§ WHAT NEEDS TO BE DONE: Your answer should give again, exactly, the lines from the beginning of the entries below through the line containing "Kosrae Quilt Bed". It must contain no pictures.

§ LISTED ENTRIES:

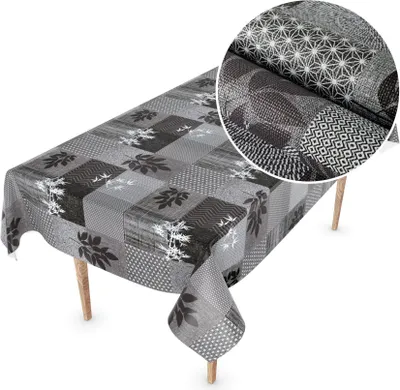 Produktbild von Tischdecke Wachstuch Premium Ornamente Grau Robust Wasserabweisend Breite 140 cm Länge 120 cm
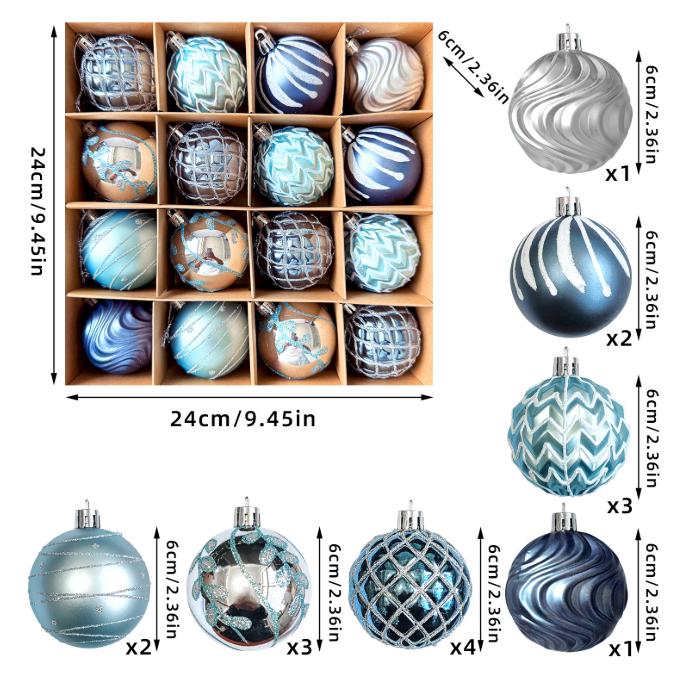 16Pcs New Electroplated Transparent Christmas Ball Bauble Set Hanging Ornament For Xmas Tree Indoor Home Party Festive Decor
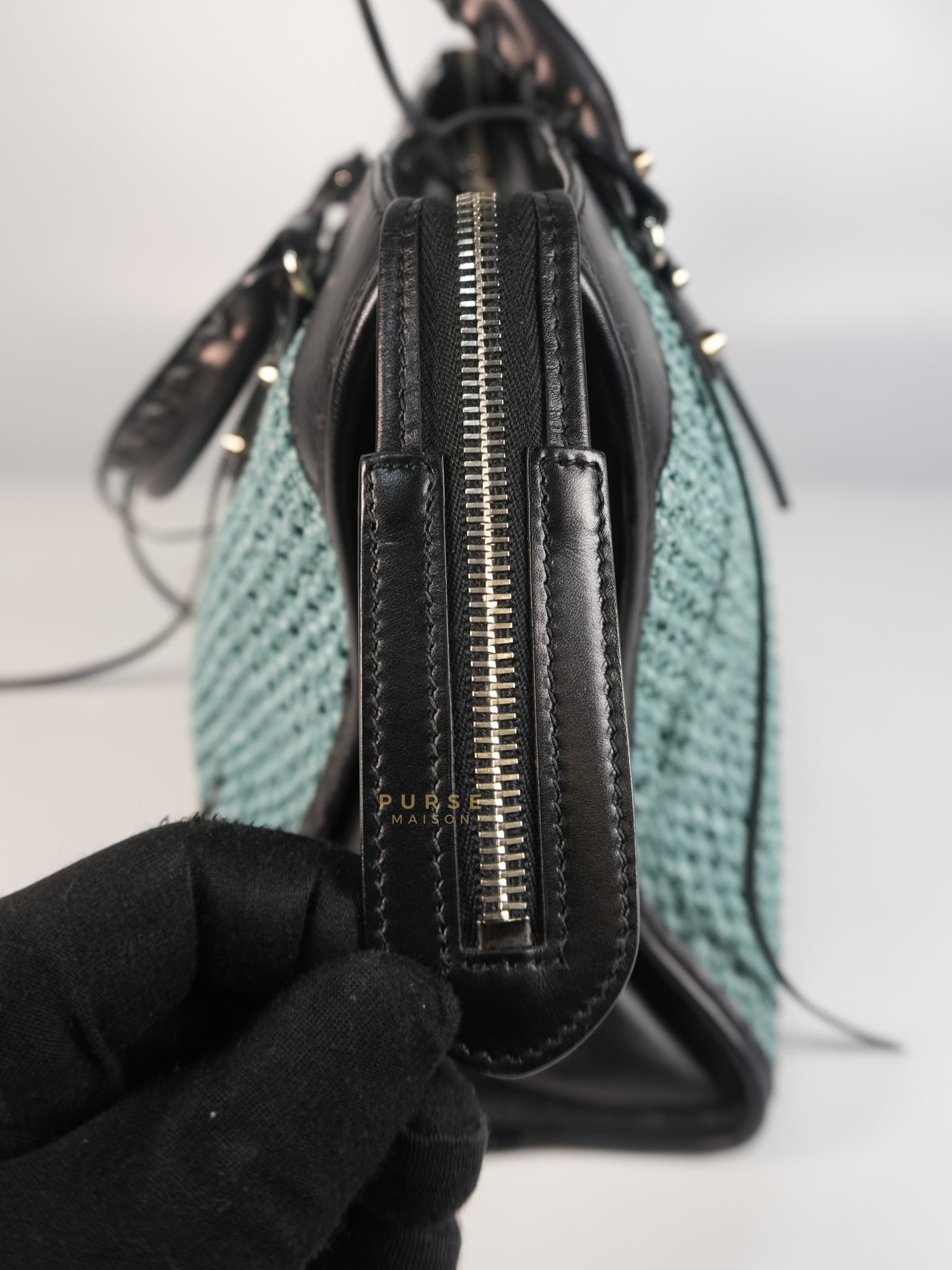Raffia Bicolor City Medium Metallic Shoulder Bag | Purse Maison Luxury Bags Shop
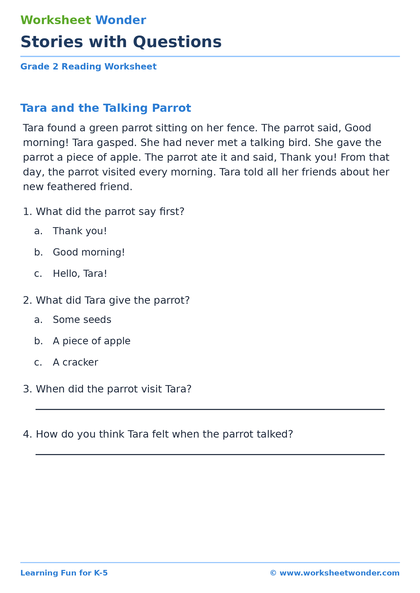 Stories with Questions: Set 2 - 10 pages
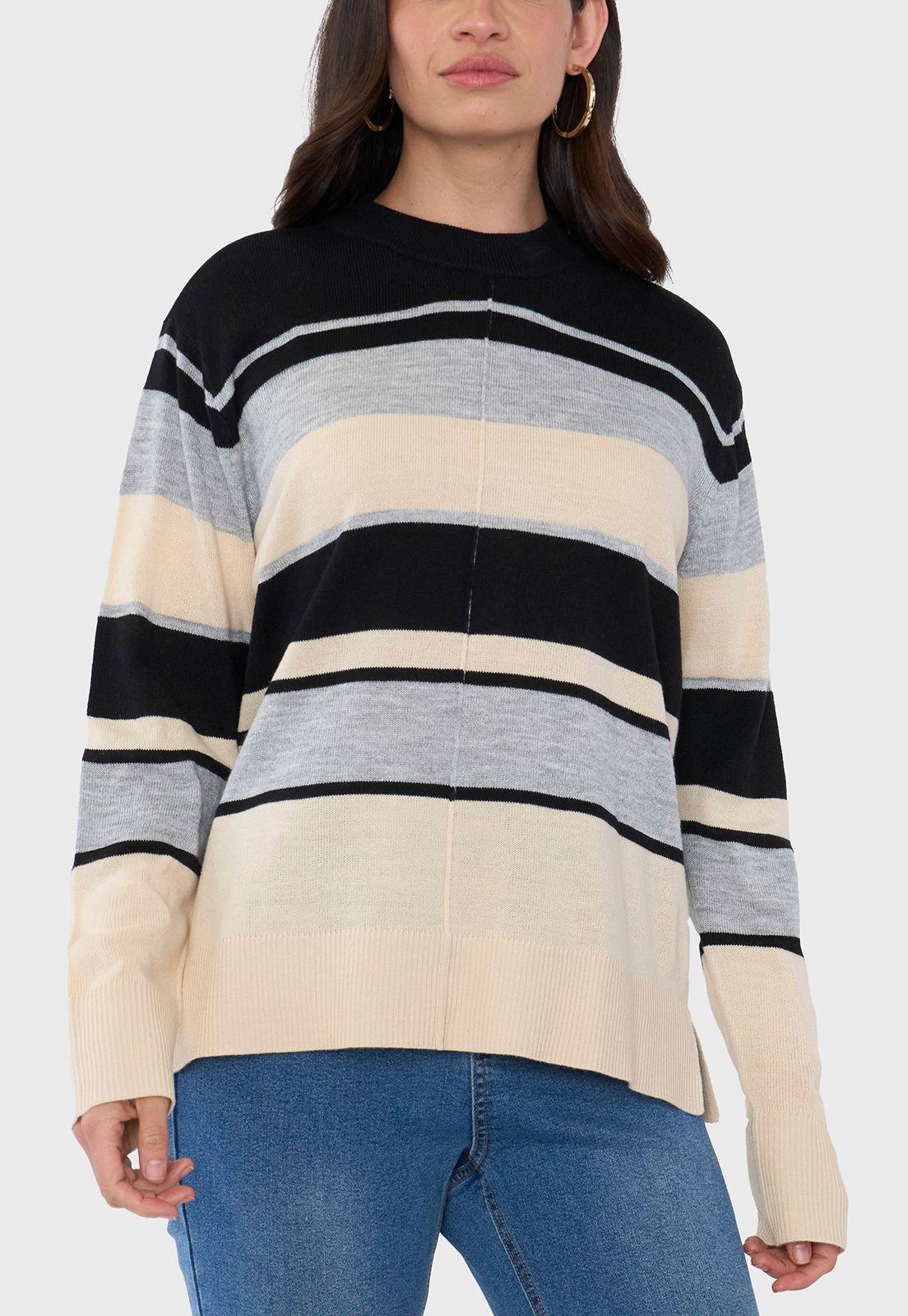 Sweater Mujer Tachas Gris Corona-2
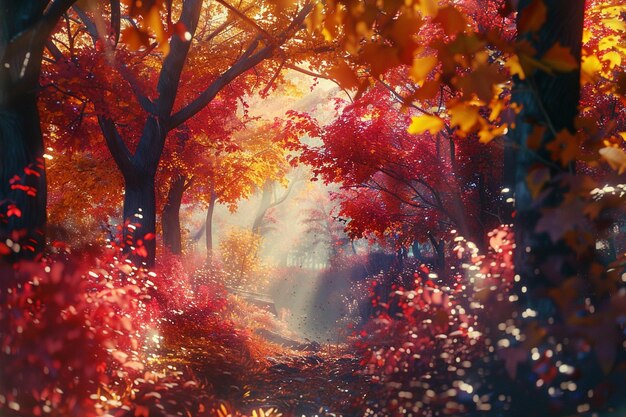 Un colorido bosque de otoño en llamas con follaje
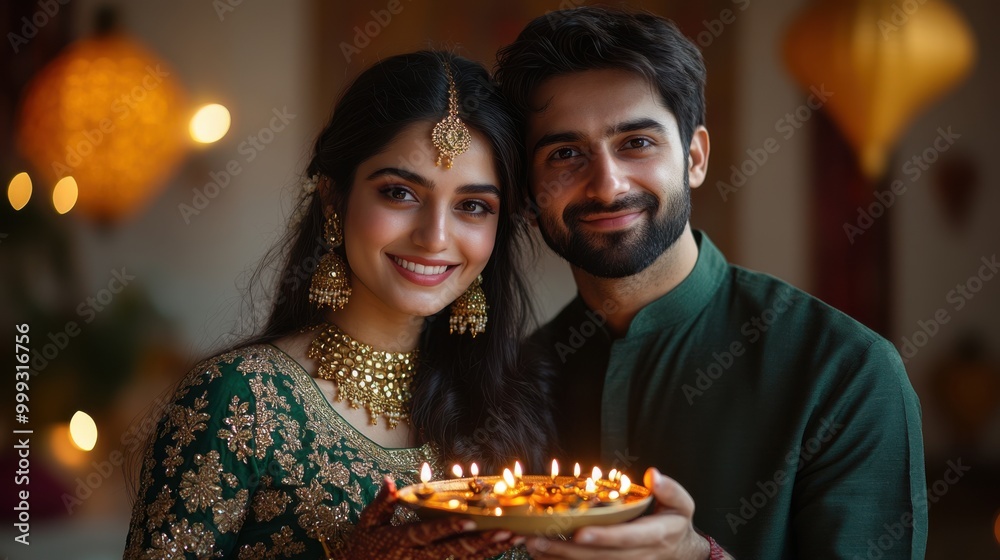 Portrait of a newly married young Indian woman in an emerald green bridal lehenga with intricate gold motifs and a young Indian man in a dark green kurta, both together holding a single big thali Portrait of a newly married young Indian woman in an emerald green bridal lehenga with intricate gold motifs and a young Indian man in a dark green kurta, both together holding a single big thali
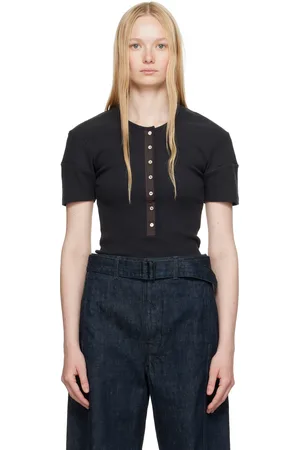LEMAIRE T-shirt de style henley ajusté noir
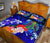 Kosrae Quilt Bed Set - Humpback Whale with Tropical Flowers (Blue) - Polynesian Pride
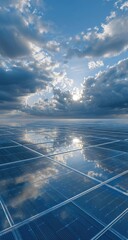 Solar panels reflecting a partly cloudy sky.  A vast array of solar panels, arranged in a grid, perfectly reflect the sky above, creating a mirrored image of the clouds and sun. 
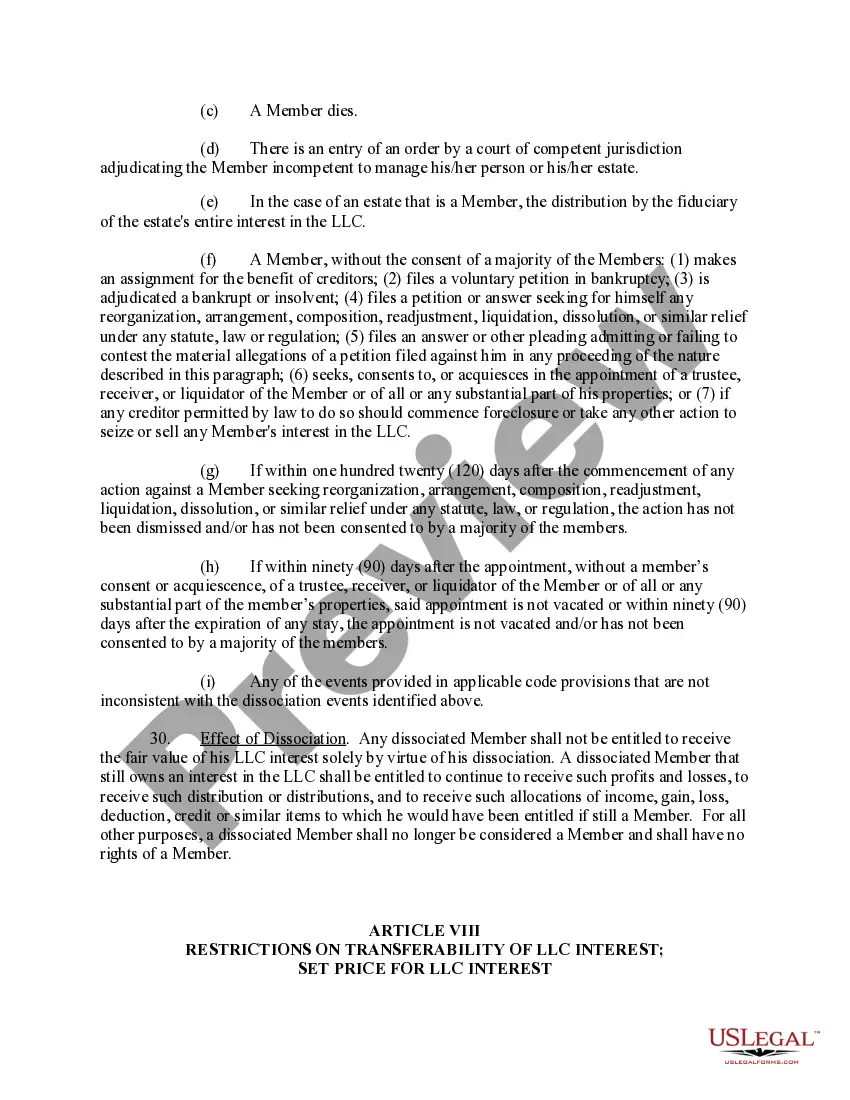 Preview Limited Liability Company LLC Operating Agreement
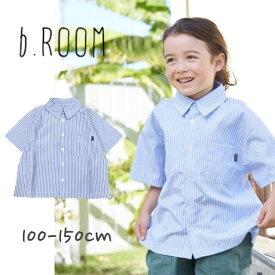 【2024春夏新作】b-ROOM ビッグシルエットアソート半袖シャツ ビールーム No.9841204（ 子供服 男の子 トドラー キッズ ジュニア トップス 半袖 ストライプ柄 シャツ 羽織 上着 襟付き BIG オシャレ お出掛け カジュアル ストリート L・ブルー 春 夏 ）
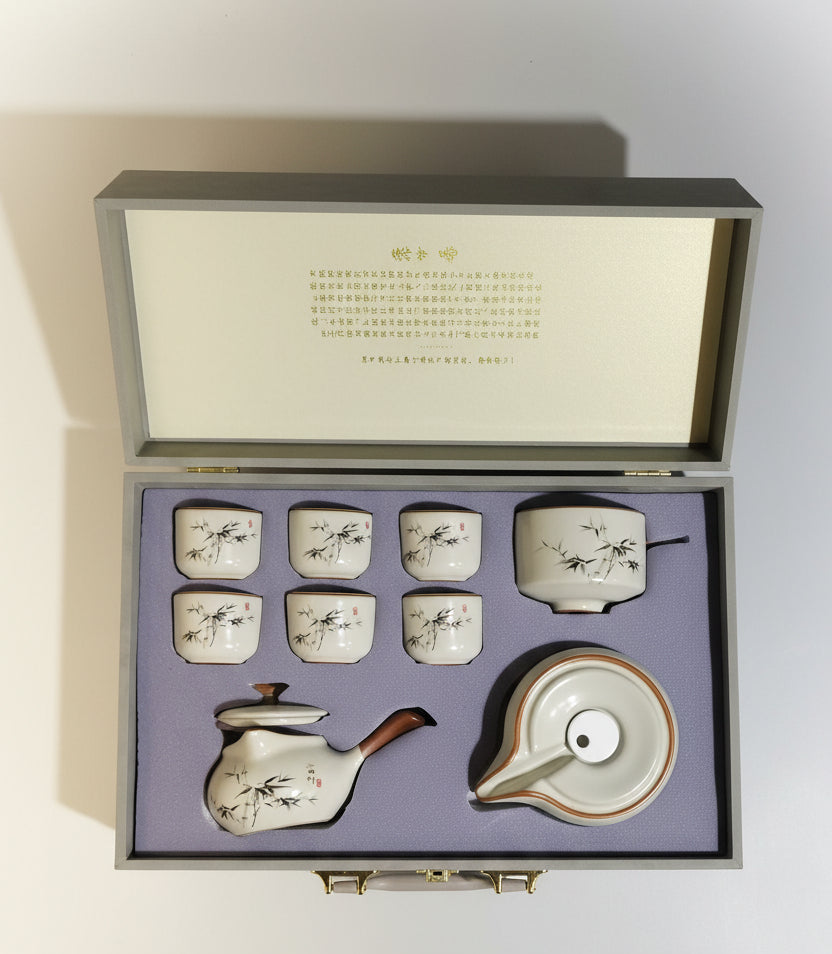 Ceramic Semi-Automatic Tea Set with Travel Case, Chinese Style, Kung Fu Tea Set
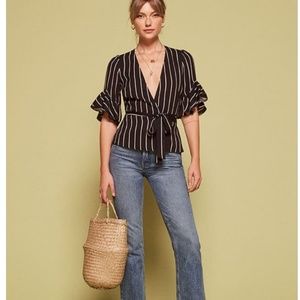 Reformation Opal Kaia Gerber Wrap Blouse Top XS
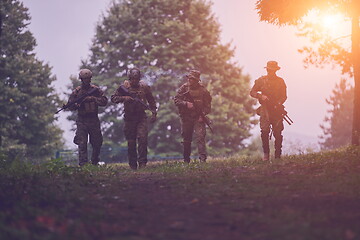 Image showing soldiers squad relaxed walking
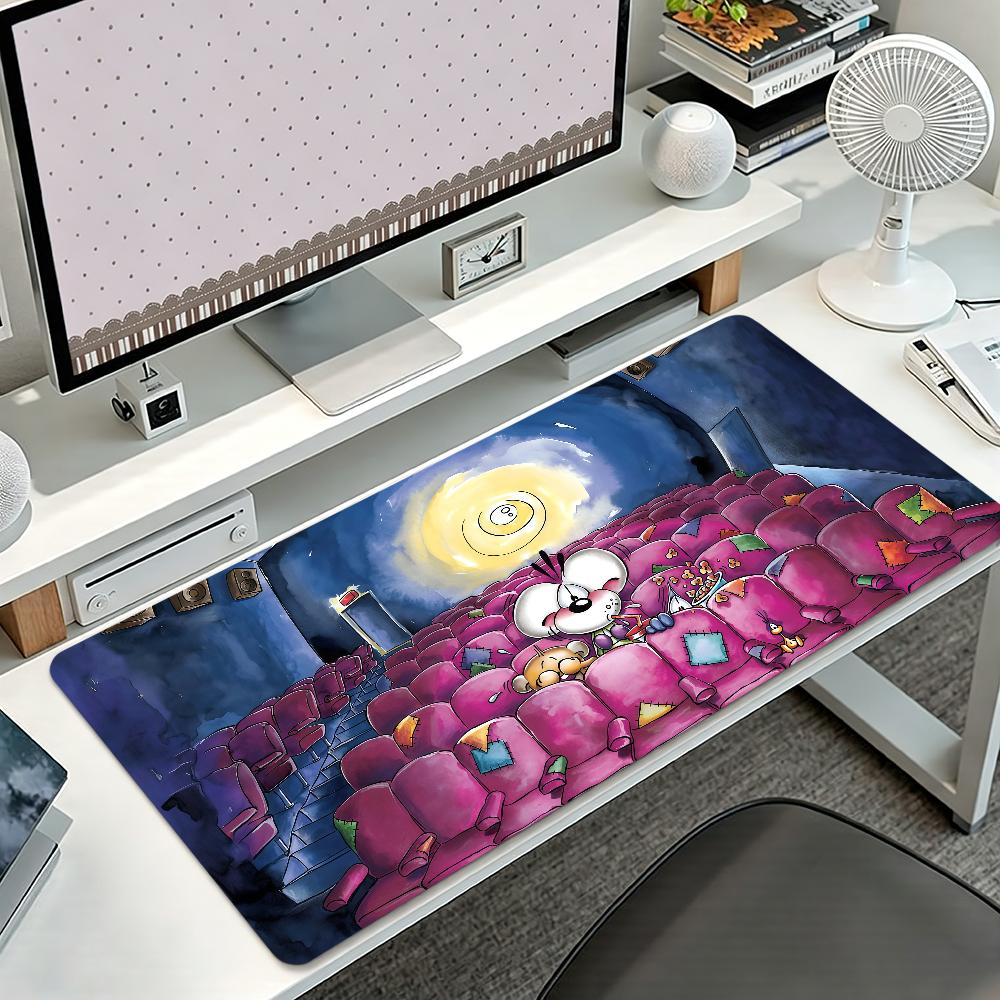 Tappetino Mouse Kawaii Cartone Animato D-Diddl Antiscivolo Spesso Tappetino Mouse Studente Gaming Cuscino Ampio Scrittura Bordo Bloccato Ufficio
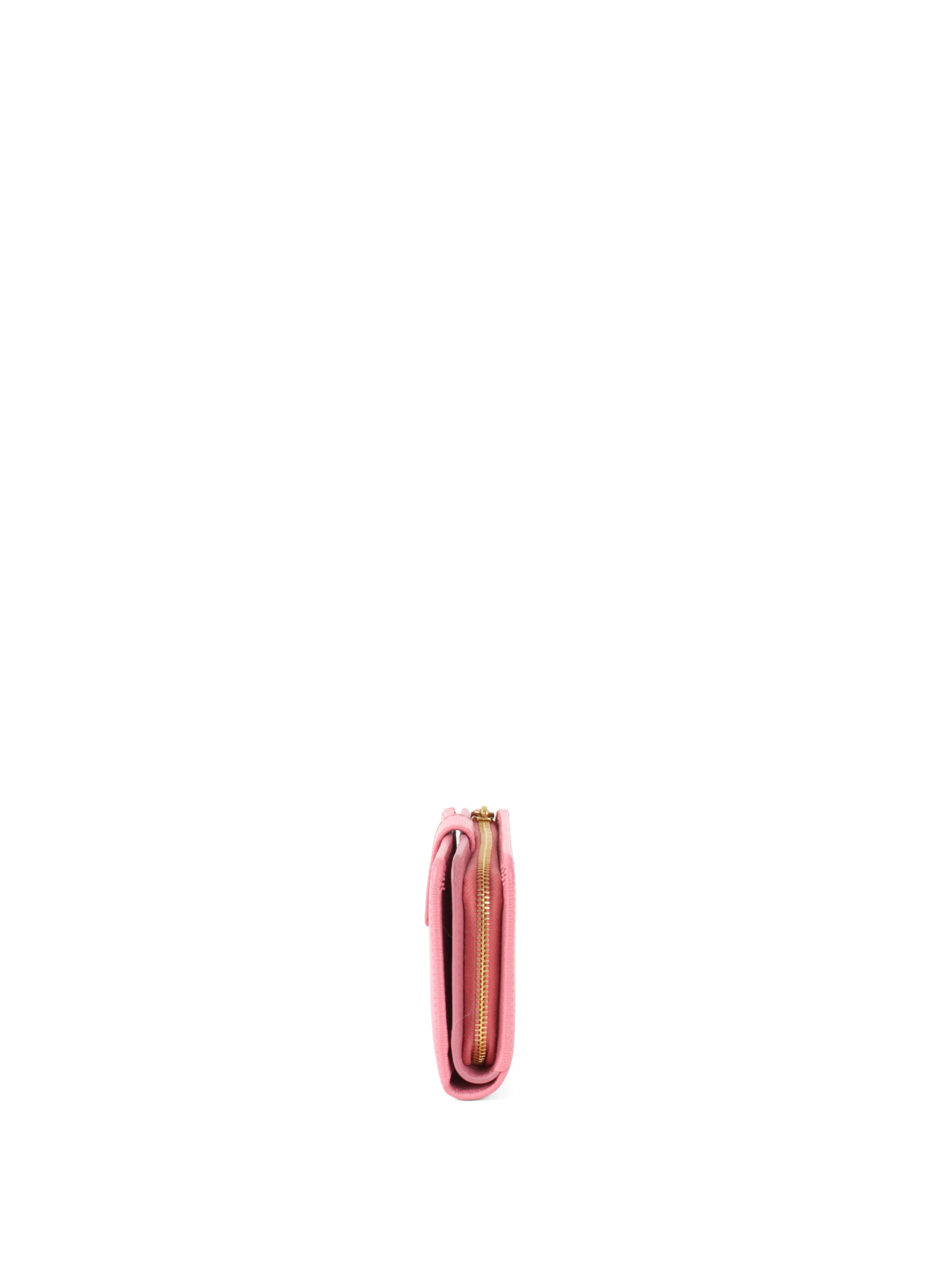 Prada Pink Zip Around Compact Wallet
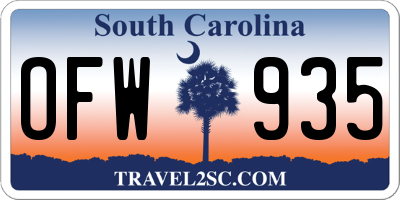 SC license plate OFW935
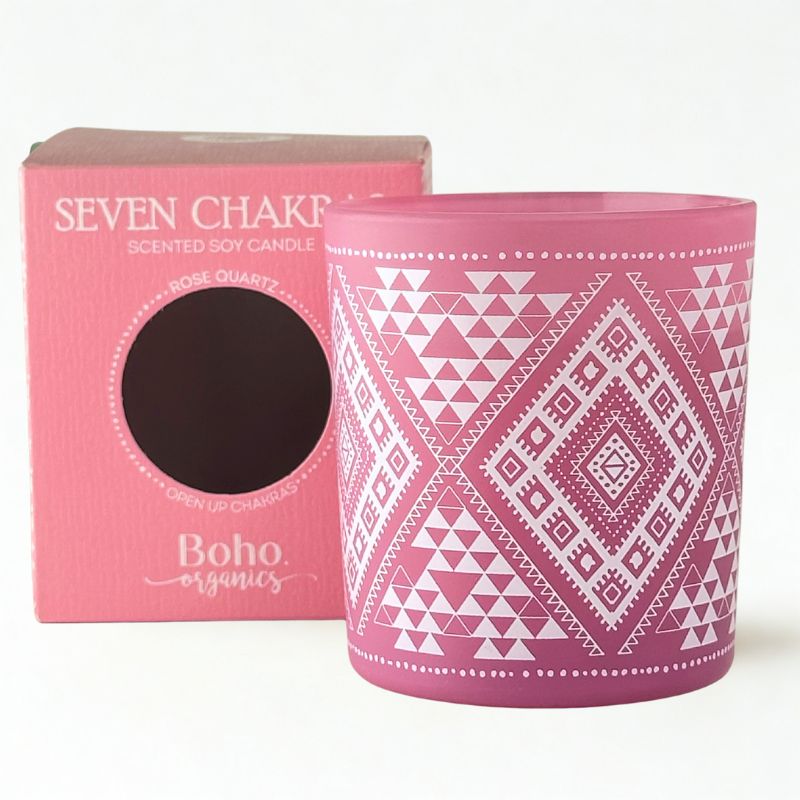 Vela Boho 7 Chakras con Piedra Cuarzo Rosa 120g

§ EXPECTED ANSWER:
 Produktbild von Tischdecke Wachstuch Premium Ornamente Grau Robust Wasserabweisend Breite 140 cm Länge 120 cm
 16Pcs New Electroplated Transparent Christmas Ball Bauble Set Hanging Ornament For Xmas Tree Indoor Home Party Festive Decor
Raffia Bicolor City Medium Metallic Shoulder Bag | Purse Maison Luxury Bags Shop
 Stories with Questions: Set 2 - 10 pages
 Sweater Mujer Tachas Gris Corona-2
 Un colorido bosque de otoño en llamas con follaje
 Portrait of a newly married young Indian woman in an emerald green bridal lehenga with intricate gold motifs and a young Indian man in a dark green kurta, both together holding a single big thali Portrait of a newly married young Indian woman in an emerald green bridal lehenga with intricate gold motifs and a young Indian man in a dark green kurta, both together holding a single big thali
LEMAIRE T-shirt de style henley ajusté noir
 Kosrae Quilt Bed Set - Humpback Whale with Tropical Flowers (Blue) - Polynesian Pride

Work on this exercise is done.